C_pagerank = (beta * np.linalg.inv((np.identity(6) - alpha * np.transpose(A)).dot(D))).dot(np.ones(6))

C_pagerank = np.squeeze(np.asarray(C_pagerank))
C_pagerank = dict(zip(index,C_pagerank))
C_pagerank

{'A': 0.56536135916031816,
 'B': 0.478112466525697,
 'C': 0.74020756364398432,
 'D': 0.35345824649225055,
 'E': 0.74020756364398443,
 'F': 0.74020756364398432}

This produces some interesting results, indicating that E,F and C has similar centralities (as expected),
however node D has smallest centralities, as we specified that it has 4 outgoing links this might've had an effect. 
This raises an issue of working with non-directional graphs.

In [341]:
#http://www.python-course.eu/graphs_python.php

The information about the distance allows us to measure betweenety as a 
centrality measure, identifying most "in-between" node as an optimum node for the office.

In [343]:
#we design matrix G, which will indicate the distance to every other node based on the network graph
G = [[0,14,50,26,43,41],[14,0,36,12,29,27],[50,36,0,24,41,39],[26,12,24,0,17,15],[43,29,41,17,0,32],[41,27,39,15,32,0]]
G = np.matrix(G)
G

matrix([[ 0, 14, 50, 26, 43, 41],
        [14,  0, 36, 12, 29, 27],
        [50, 36,  0, 24, 41, 39],
        [26, 12, 24,  0, 17, 15],
        [43, 29, 41, 17,  0, 32],
        [41, 27, 39, 15, 32,  0]])

#### Closeness Centrality

In [345]:
import pandas as pd

C_C = 82/G.sum(axis=1)
C_C_df = pd.DataFrame(C_C)

#turn to dict
C_C = np.squeeze(np.asarray(C_C_df))
C_C = dict(zip(index,C_C))
print(C_C)


#ranking order, in reverse order?
ab = C_C_df.rank().values
c = []
for i in range(6):
    c.append(int(ab[i][0]))
dict(zip(index,c))



{'A': 0.47126436781609193, 'E': 0.50617283950617287, 'F': 0.53246753246753242, 'B': 0.69491525423728817, 'D': 0.87234042553191493, 'C': 0.43157894736842106}


{'A': 2, 'B': 5, 'C': 1, 'D': 6, 'E': 3, 'F': 4}

From this centrality measurment we can determine that D is the optimal centrality, 
followed by B with the rest of nodes having roughly the same values
##### Population

Given the population, intuitevly node B would be optimal, as if consider clustering the neighbours,
cluster on the left is valued at 90k, and right cluster valued at 29k

In order to have final conclusion, we should consider both, the population and the distance, 
by incorporating it into the calulations. 

In [349]:
population = {"A":90000,"B":10000,"C":8500,"D":15000,"E":1200,"F":5000}

pop = np.asarray([90000,10000,8500,15000,12000,5000])
#normalize
pop = pop/max(pop)
P = np.zeros((6,6), int)
np.fill_diagonal(P,pop)

#Weight the pagerank centrality by population.
C_pop_df = (beta * np.linalg.inv((np.identity(6) - alpha * np.transpose(A)).dot(D))).dot(pop)
#convert to dict
C_pop = np.squeeze(np.asarray(C_pop_df))
C_pop = dict(zip(index,C_pop))
C_pop


{'A': 0.28745725445163312,
 'B': 0.11444670486647687,
 'C': 0.11572632331832812,
 'D': 0.063360811791216096,
 'E': 0.12350410109610591,
 'F': 0.10794854554055033}

This indicates the heaviest weight on node A, as previously expected. However, the range of the values is smaller 
then for centrality measure, indicating that they can't be weghted correspondingly , therefore using
appropriate constatnt to standardize the values.
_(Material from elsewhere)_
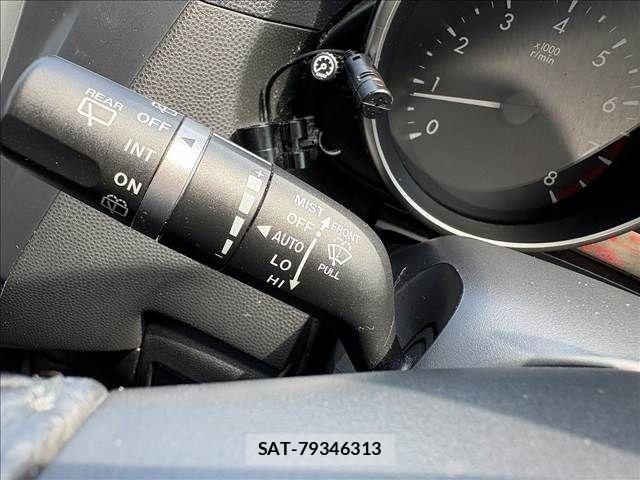 Nissan LAFESTA 2011-08 7786115-16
Depending on the circumstances such as cost of travel, frequency of calls, average number of specialists, ect,
we can use this formula to determine the optimum location of the office, by contributing a significance factor 
which sums up to 1. 

In our example we contribute 50/50 proportion of significance to both factors

In [372]:
const = 0.32 

a = 0.5 #distance factor
b = 0.5 #population factor

C_C_df = np.matrix(C_C_df)
C_opt = a * C_C_df + np.transpose(b * C_pop_df/ const)
C_opt

matrix([[ 0.68478414],
        [ 0.5262806 ],
        [ 0.39661185],
        [ 0.53517148],
        [ 0.44606158],
        [ 0.43490337]])

To conclude with, node A seems most appropriate for the office, despite node D being most connected. This conclusion is reached after considering distance to and population of each city, giving first preference to A and second to D. 

As pointed up above, by adjusting the factors significance, optimal decision could be found.